• ABOUT THIS EXERCISE: In the entries that follow, the line with "Product detail of" opens the range and the line with "Fulen Shower Lights" closes it; repeat that range exactly, both lines included.

Short descriptive text snippets:

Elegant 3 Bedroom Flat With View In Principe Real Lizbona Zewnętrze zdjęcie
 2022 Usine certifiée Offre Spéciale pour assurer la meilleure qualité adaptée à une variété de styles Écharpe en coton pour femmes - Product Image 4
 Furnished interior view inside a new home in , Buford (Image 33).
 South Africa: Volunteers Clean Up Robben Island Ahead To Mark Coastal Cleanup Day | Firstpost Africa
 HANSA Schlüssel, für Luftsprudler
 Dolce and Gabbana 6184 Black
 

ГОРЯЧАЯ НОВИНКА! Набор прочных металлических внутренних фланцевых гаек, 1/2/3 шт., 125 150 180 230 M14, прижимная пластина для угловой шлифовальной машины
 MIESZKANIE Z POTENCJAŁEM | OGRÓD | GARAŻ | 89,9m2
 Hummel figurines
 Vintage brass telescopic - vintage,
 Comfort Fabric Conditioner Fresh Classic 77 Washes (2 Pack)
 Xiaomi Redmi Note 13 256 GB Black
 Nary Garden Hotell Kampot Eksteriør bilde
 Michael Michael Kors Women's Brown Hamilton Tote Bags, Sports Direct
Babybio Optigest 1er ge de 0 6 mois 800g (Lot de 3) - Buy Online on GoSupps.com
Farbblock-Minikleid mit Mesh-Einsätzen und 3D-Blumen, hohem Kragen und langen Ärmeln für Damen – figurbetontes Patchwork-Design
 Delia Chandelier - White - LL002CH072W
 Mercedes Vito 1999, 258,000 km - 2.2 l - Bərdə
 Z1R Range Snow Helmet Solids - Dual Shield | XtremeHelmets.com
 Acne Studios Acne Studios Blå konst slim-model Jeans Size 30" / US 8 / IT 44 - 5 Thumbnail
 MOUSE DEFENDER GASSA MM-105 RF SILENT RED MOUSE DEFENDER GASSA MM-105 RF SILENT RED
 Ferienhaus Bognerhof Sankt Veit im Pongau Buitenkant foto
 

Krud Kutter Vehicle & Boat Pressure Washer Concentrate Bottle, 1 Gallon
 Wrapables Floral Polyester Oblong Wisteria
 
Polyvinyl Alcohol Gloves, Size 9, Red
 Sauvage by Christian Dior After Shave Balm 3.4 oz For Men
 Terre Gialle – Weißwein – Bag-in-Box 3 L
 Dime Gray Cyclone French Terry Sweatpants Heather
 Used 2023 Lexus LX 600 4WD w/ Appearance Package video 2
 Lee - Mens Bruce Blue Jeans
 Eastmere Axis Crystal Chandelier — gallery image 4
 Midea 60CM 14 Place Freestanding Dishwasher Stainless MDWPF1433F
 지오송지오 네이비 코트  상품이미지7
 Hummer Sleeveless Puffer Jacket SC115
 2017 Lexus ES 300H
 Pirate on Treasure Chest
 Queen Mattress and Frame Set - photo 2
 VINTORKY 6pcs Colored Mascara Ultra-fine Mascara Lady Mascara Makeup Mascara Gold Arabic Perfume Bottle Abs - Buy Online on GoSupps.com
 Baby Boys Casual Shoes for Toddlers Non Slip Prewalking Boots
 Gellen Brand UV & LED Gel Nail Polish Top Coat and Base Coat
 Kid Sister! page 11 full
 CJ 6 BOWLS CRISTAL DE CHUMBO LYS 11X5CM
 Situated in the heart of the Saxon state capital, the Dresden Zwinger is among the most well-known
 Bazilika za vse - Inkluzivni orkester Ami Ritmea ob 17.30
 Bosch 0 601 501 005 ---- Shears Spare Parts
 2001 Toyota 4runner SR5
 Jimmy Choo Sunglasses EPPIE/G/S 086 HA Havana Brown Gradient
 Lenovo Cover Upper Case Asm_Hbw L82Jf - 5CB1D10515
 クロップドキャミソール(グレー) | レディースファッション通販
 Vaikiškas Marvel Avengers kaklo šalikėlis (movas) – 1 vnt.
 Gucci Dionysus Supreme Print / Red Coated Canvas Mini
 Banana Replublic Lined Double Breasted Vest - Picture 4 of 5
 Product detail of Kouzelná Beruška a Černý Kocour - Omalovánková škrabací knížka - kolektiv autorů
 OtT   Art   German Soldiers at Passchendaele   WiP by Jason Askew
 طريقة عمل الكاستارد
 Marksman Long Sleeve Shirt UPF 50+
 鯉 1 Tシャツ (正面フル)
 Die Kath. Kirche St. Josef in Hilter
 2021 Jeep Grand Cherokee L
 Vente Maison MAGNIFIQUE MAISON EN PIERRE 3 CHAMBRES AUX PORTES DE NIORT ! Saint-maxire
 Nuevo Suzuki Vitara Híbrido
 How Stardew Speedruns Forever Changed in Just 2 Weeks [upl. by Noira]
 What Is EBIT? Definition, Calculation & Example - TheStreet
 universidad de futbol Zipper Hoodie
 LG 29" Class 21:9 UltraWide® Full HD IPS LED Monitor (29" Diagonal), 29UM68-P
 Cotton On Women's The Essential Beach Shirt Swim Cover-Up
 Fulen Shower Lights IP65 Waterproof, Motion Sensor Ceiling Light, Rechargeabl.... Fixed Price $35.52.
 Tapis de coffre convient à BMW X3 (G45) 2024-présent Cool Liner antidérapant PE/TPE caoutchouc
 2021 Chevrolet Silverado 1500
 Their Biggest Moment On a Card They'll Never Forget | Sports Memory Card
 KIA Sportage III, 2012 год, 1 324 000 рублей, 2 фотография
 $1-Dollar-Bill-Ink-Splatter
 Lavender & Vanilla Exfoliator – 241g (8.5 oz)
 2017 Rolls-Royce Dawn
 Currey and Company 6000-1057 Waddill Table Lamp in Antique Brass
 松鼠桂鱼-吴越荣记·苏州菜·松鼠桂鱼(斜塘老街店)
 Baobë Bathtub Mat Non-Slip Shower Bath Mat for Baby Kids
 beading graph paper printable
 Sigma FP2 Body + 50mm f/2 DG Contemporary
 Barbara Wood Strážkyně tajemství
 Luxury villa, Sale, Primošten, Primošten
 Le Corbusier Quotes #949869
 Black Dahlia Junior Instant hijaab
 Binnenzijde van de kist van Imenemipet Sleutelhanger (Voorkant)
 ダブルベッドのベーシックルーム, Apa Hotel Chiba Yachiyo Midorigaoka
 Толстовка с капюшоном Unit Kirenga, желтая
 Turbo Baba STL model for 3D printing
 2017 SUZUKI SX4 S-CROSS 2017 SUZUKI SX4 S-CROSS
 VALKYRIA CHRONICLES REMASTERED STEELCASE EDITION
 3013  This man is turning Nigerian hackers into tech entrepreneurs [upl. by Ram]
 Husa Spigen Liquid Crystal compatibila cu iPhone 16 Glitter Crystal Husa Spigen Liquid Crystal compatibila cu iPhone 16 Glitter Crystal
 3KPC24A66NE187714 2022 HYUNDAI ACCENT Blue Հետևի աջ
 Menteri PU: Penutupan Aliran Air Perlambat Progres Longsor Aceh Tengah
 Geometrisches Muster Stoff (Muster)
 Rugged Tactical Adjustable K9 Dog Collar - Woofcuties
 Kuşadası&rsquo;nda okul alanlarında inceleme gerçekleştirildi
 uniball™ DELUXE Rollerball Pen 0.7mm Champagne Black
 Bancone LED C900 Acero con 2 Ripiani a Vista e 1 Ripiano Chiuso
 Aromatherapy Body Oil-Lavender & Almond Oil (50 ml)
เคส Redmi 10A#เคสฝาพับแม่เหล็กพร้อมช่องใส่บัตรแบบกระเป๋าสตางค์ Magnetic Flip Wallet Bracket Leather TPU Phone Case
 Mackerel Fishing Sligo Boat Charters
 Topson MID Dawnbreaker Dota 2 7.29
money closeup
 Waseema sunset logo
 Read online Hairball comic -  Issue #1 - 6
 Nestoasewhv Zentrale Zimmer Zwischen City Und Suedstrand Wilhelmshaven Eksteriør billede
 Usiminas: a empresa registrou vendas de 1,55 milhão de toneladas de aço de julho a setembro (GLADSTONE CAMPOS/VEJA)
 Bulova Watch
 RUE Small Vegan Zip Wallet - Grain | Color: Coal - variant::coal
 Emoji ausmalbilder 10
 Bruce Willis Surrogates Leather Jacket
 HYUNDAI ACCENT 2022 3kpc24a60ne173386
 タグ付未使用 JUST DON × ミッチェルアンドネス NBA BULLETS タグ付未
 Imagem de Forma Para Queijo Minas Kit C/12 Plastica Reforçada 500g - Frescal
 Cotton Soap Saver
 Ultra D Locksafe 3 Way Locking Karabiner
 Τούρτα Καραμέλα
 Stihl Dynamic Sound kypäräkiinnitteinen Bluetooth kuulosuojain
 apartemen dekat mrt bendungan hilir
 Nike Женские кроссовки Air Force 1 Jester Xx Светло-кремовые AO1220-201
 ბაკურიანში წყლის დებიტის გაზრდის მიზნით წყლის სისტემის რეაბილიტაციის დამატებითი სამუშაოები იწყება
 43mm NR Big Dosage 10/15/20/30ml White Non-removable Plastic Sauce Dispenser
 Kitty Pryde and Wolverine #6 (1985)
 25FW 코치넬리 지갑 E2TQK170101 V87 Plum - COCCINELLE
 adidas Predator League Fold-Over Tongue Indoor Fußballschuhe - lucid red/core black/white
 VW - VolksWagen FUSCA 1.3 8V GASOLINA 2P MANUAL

• ANSWER SECTION:
 Product detail of Kouzelná Beruška a Černý Kocour - Omalovánková škrabací knížka - kolektiv autorů
 OtT   Art   German Soldiers at Passchendaele   WiP by Jason Askew
 طريقة عمل الكاستارد
 Marksman Long Sleeve Shirt UPF 50+
 鯉 1 Tシャツ (正面フル)
 Die Kath. Kirche St. Josef in Hilter
 2021 Jeep Grand Cherokee L
 Vente Maison MAGNIFIQUE MAISON EN PIERRE 3 CHAMBRES AUX PORTES DE NIORT ! Saint-maxire
 Nuevo Suzuki Vitara Híbrido
 How Stardew Speedruns Forever Changed in Just 2 Weeks [upl. by Noira]
 What Is EBIT? Definition, Calculation & Example - TheStreet
 universidad de futbol Zipper Hoodie
 LG 29" Class 21:9 UltraWide® Full HD IPS LED Monitor (29" Diagonal), 29UM68-P
 Cotton On Women's The Essential Beach Shirt Swim Cover-Up
 Fulen Shower Lights IP65 Waterproof, Motion Sensor Ceiling Light, Rechargeabl.... Fixed Price $35.52.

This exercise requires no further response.